The current code that checks for misspelling verifies, in a more
complex regex, if $rawline matches [^\w]($misspellings)[^\w]

Being $rawline a byte-string, a utf-8 character in $rawline can
match the non-word-char [^\w].
E.g.:
./script/checkpatch.pl --git 81c2f059ab9
WARNING: 'ment' may be misspelled - perhaps 'meant'?
#36: FILE: MAINTAINERS:14360:
+M: Clément Léger <clement.leger@xxxxxxxxxxx>
^^^^

Use a utf-8 version of $rawline for spell checking.

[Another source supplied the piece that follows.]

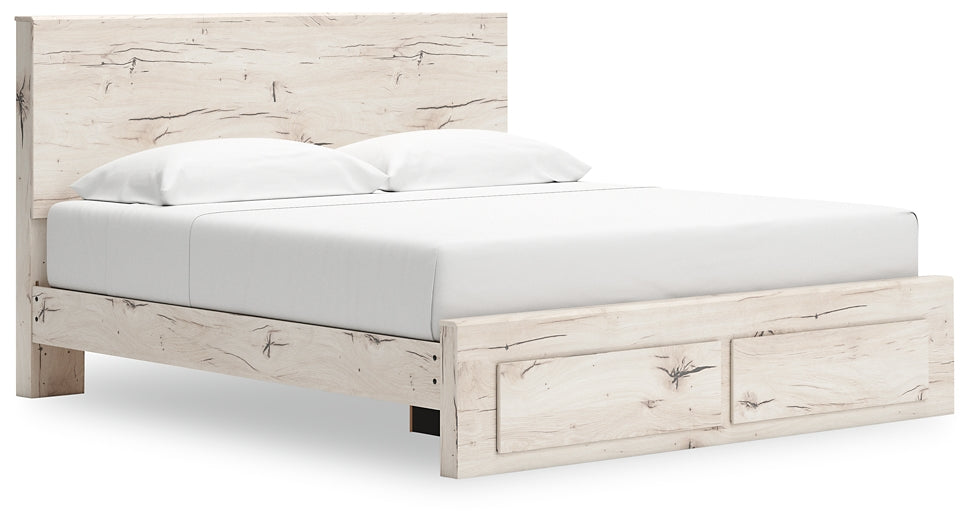 King Panel Storage Bed with Mirrored Dresser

Signed-off-by: Antonio Borneo <antonio.borneo@xxxxxxxxxxx>
Reported-by: Clément Le Goffic <clement.legoffic@xxxxxxxxxxx>
---
scripts/checkpatch.pl | 3 ++-
1 file changed, 2 insertions(+), 1 deletion(-)

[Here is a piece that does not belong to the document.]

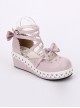 Round-toe Sweet Bowknot Lace Sweet Lolita Shoes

diff --git a/scripts/checkpatch.pl b/scripts/checkpatch.pl
index 25fdb7fda112..58646bd6ef56 100755
--- a/scripts/checkpatch.pl
+++ b/scripts/checkpatch.pl
@@ -3477,7 +3477,8 @@ sub process {
# Check for various typo / spelling mistakes
if (defined($misspellings) &&
($in_commit_log || $line =~ /^(?:\+|Subject:)/i)) {
- while ($rawline =~ /(?:^|[^\w\-'`])($misspellings)(?:[^\w\-'`]|$)/gi) {
+ my $rawline_utf8 = decode("utf8", $rawline);
+ while ($rawline_utf8 =~ /(?:^|[^\w\-'`])($misspellings)(?:[^\w\-'`]|$)/gi) {
my $typo = $1;
my $blank = copy_spacing($rawline);
my $ptr = substr($blank, 0, $-[1]) . "^" x length($typo);

base-commit: b85ea95d086471afb4ad062012a4d73cd328fa86
--
2.42.0